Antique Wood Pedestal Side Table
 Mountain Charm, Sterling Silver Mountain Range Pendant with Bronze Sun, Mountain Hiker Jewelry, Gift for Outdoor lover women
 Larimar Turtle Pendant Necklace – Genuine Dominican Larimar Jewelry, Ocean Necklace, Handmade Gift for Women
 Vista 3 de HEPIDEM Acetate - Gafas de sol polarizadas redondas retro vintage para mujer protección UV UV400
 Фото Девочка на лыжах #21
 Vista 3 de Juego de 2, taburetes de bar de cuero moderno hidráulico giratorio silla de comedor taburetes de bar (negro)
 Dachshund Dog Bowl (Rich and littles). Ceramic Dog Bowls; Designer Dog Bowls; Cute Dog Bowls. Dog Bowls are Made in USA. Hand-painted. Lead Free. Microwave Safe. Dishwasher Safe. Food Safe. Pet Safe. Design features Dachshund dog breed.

+++

TASK DIRECTIONS: Work through the material above. Then report how many of its lines contain "Pendant", and only that.

OUTPUT: 2